Yes! This is a house I discovered while driving around in the country while I was going to college in Radford. The air was thick with the remnants of lives that had lived there (I wrote the poem way back then, just polished it for here).
I could always imagine babies and people talking and men coming in from the fields for lunch. Whole lives lived in the same house, and others more temporary.
We were certainly trespassing, but for me, it was hard to pull myself away from all that residual energy. I’m so thankful to have a few photos (and other souveniers). I’m sure that house is long gone to dust itself by now.
Oh this was really moving… it saddens me so much to see farmsteads disappear into housing tracts. I’m going to forward this to my friend, who spent the weekend with his family cleaning out the old barn and preparing to rebuild it.
That’s so nice- I’m glad you think it’s worth sharing. Sometimes you can just feel the history of a building, like a kind of vibration. We had an old barn on the property where I live now, that fell down a long time ago. It made me so sad that it was gone – so many memories, and it wasn’t even a proper barn. But it smelled of alfalfa hay and wood and tractor…
I love to photograph old homesteads. When I travel out west I am always so excited when I see an old soddie or farmhouse from the first settlers. You can’t help but wonder at the people who lived there and what their lives must have been like, and all the hardships they had to endure. Whose lives were those? What was happiness like for them? What stories does the house hold? It makes me want to go back in time and be invisible for one day just to find the answers.
I do so agree with you about being able to feel the “history of a building, like a vibration.” I believe larger places also hold that energy. When I drove through northern France on the way to the English channel years ago, I had such a feeling of heaviness and sadness. Within half an hour we came upon our first WWI memorial and realized we had been driving through fields where soldiers had lost their lives in the trenches. I also had a similar feeling driving to New Orleans once, and could almost feel the oppressive “footprint” of years of slavery. Maybe it was all in my head, but there was something very sad in both places.
I tend to believe that it wasn’t in your head, especially if you found out where you were afterwards. I don’t know that it’s ghosts or spirits, I’m not sure what I believe on that front. But I do believe in a kind of collective energy, that something not really definable that connects all things in the world. It feels to me like a string sometimes. Other times it’s more like a fog that saturates.

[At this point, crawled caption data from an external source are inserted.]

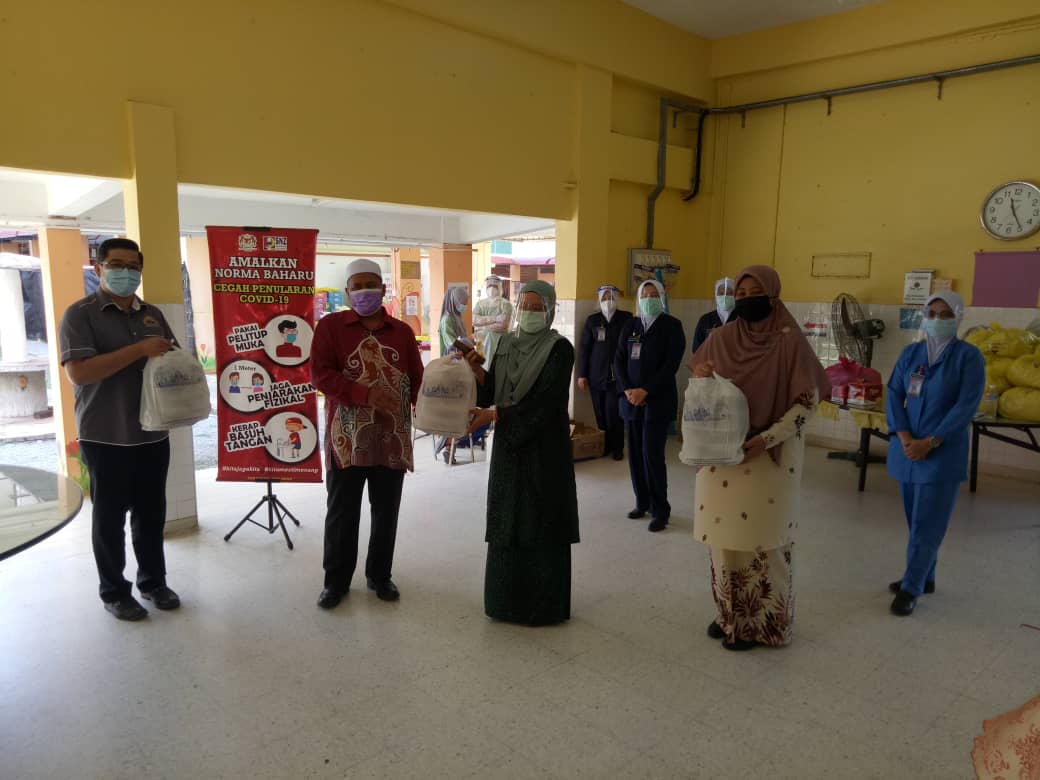 Pesakit COVID-19 Dan Petugas Barisan Hadapan Terima Hidangan Nasi Ayam Sosek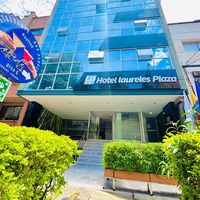 hotellaurelesplaza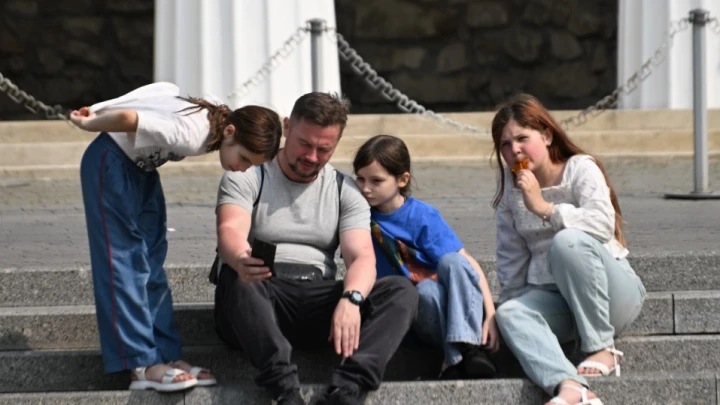 Как ребёнку вычислить телефонного мошенника: Кодовые фразы и указания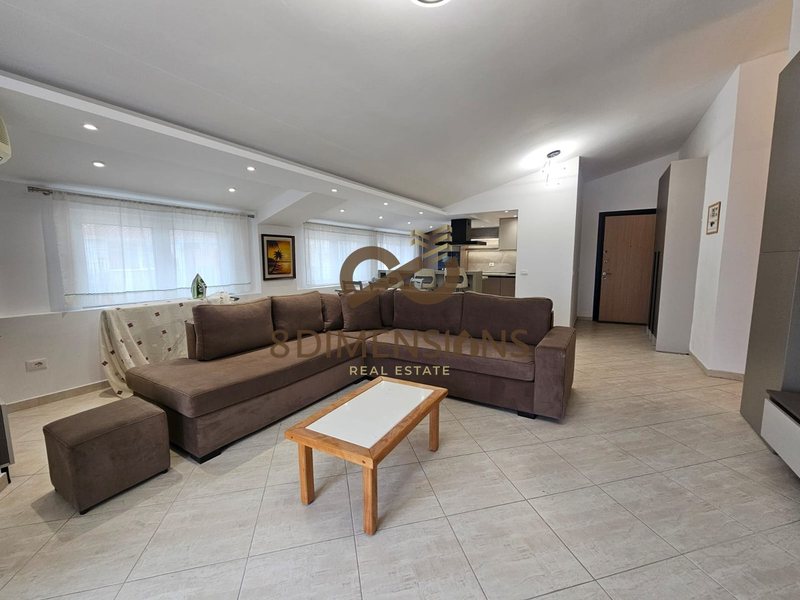 Bar or restaurant 2+1 for rent in Fresku, Tirana, 110 m²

I was talking about everything that exists eventually breaking down to the atomic level in Infinity Reveals Itself, and I like to think that there is some kind of memory that breaks down and re-distributes, but does not disappear. Maybe that’s why we unexpectedly feel certain emotions when we visit some places – it’s the memory of other people’s emotions, the love or fear or sadness or hatred that hasn’t quite broken down completely yet.